製薬採用について

現在、私は透析室の副室長という立場であり、透析で使用する薬剤については、大体私が決めていくという権限がある。長期透析においては、腎性貧血を改善するために、エリスロポイエチン製剤が不可欠であるが、当院では、伝統的に曜日のコースごとに、二社の製品を使い分けてきた。このEpo剤は一月あたりに透析室だけで100万〜150万円分の薬剤が使用される。これを、誤投与を防ぐという観点から、一社の薬剤に統一して欲しいというような声が、ものの分かってない主任あたりから出て、現在、その方向で動きつつある。

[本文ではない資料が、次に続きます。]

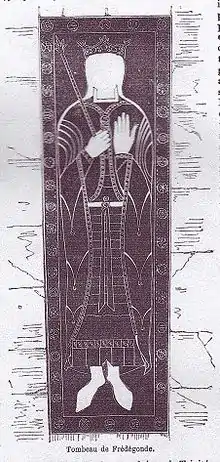 VIe&nbsp;siècle : gisant gravé sur dalle funéraire (Frédégonde)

たしかに、製剤が2種類よりも1種類のほうが誤投薬の可能性は減るであろうけれど、投与量さえ間違えなければ、エリスロポイエチンの中身はほとんど変わらないわけであるから、患者さんに実害は無い。そして、現在までにそのミスが生じたという報告は無い。
なぜ二社の製品を同時に使うかといえば、それは競合させるためである。市場が1社独占となってしまえば、その製薬会社は企業努力をしないであろうし、その一社に体制として決めてしまうのであれば、他社からの情報提供、新薬情報などが入ってきづらくなる。
私は旧来の体制を守ろうとする守旧派ということになるのだろうが、この企業の競合という要素は上述の形ばかりの誤投薬を減らすという名目よりも、医療内容の維持向上という観点から、優先されるべき事項だと考える。
結局は私は名ばかり室長の雑用係で、このような事項の最終決定権は当科部長にあるので、そこで決定されることであろう。